Offre en lien avec l’Action/le Réseau : – — –/– — –
Laboratoire/Entreprise : ISIR – Institut des Systèmes Intelligents et de Ro
Durée : 36 mois
Contact : patrick.gallinari@sorbonne-universite.fr
Date limite de publication : 2025-12-31
Contexte :
AI4Science is an emerging research field that investigates the potential of AI methods to advance scientific discovery, particularly through the modeling of complex natural phenomena. This fast-growing area holds the promise of transforming how research is conducted across a broad range of scientific domains. One especially promising application is in modeling complex dynamical systems that arise in fields such as climate science, earth science, biology, and fluid dynamics. A diversity of approaches is currently being developed, but this remains an emerging field with numerous open research challenges in both machine learning and domain-specific modeling.
Generative modeling is transforming machine learning by enabling the synthesis of plausible, high-dimensional data across modalities like text, images, and audio. A similarly profound shift is underway in the sciences, where generative deep learning is being leveraged to model complex physical dynamics governed by partial differential equations (PDEs)—especially in cases where traditional simulations are computationally expensive.
The central goal of the PhD project is to investigate whether deep generative architectures—such as diffusion, flow-matching, or autoregressive transformer-based sequence models—can be designed to simulate, generalize, and interpolate physical dynamics across a wide range of parametric and multiphysics regimes.

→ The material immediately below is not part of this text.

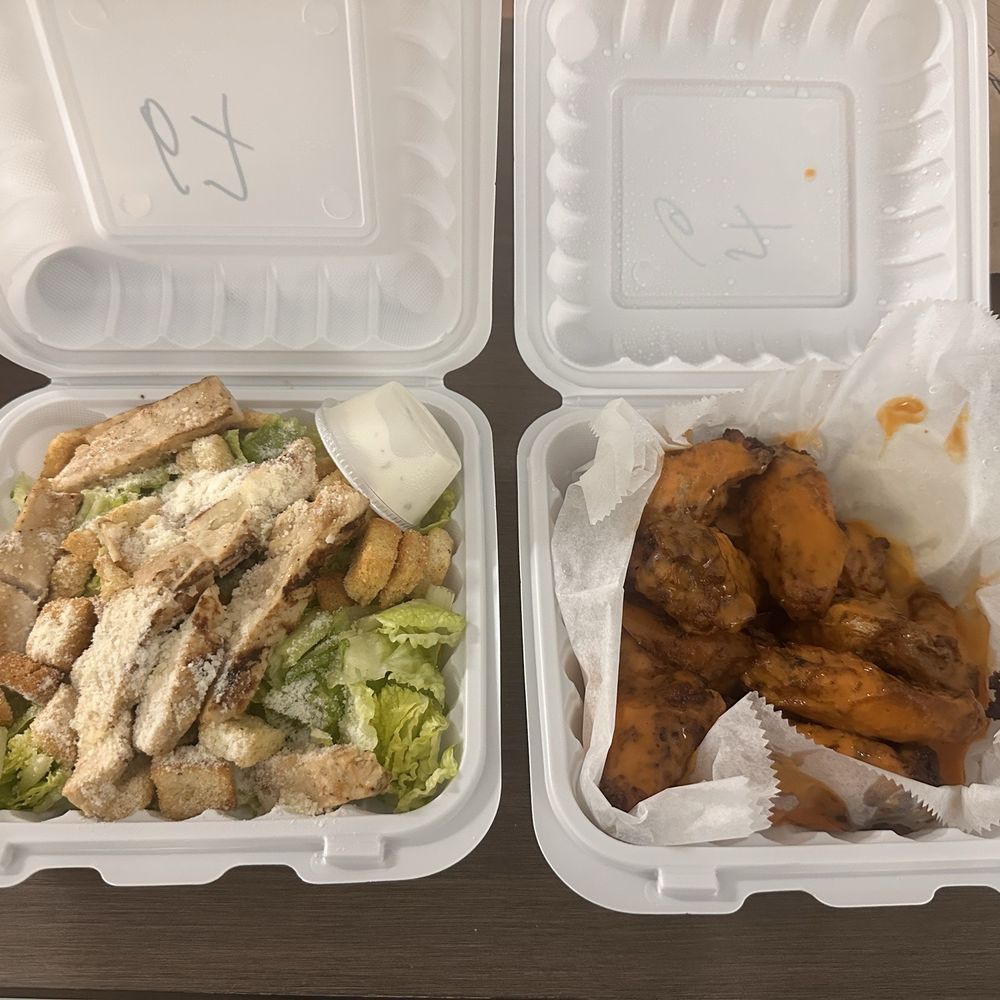 Pizza Mambo - Chicken Caesar Salad & Buffalo 10 Wings - Pizza Near Me - Ocean City, Maryland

Building on recent advances in neural surrogate modeling, this research will aim to advance generalizable, cross-physics generative modeling.
Sujet :
RESEARCH OBJECTIVES
The overarching research question is: Can we develop generative models that learn structured, physically grounded representations of dynamical systems—enabling synthesis, adaptation, and generalization across physical regimes and multiphysics settings? It unfolds into several complementary directions:
LATRENT GENERATIVE MODELS FOR PHYSICAL DYNAMICS
The objective is to design generative models—such as diffusion, flow-matching, or autoregressive models—that learn compact and interpretable latent representations of spatiotemporal dynamics governed by PDEs. These models should:
• Capture uncertainty and multimodality in solution trajectories.
• Generalize across parametric variations.

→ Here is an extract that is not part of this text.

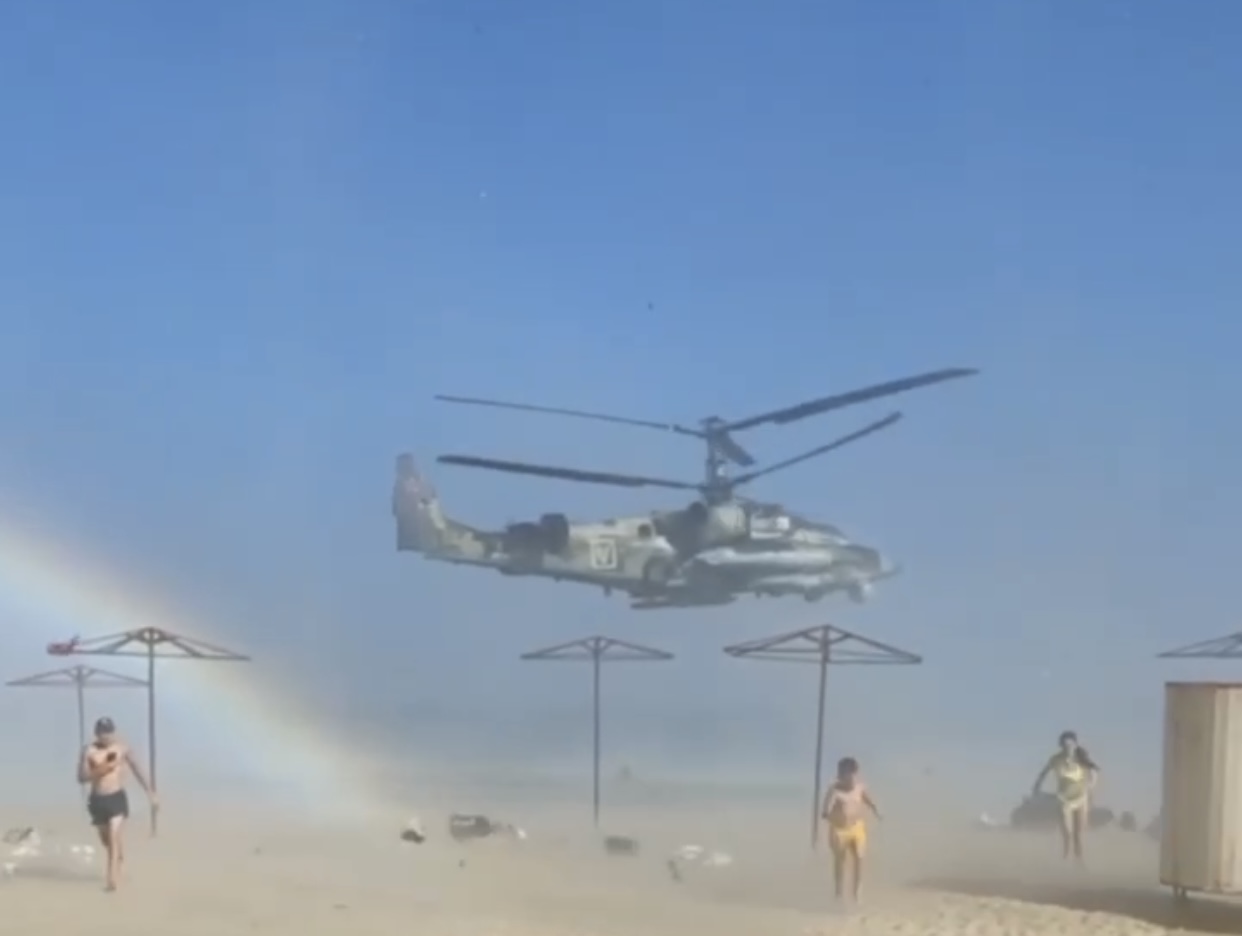 У Приморську рашисти на вертолітах лякають відпочиваючих на пляжі: запускають теплові пастки (ВІДЕО)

LEARNING ACROSS MULTIPHYSICS SYSTEMS
To enable transfer learning across heterogeneous physics, we will explore shared latent representations across families of PDEs:
• Using encode–process–decode frameworks.
• Applying contrastive or multitask training to uncover reusable physical abstractions.
• Designing models invariant to space/time resolution and units.
This direction builds toward foundation-like models that capture generalizable physics priors across simulation families.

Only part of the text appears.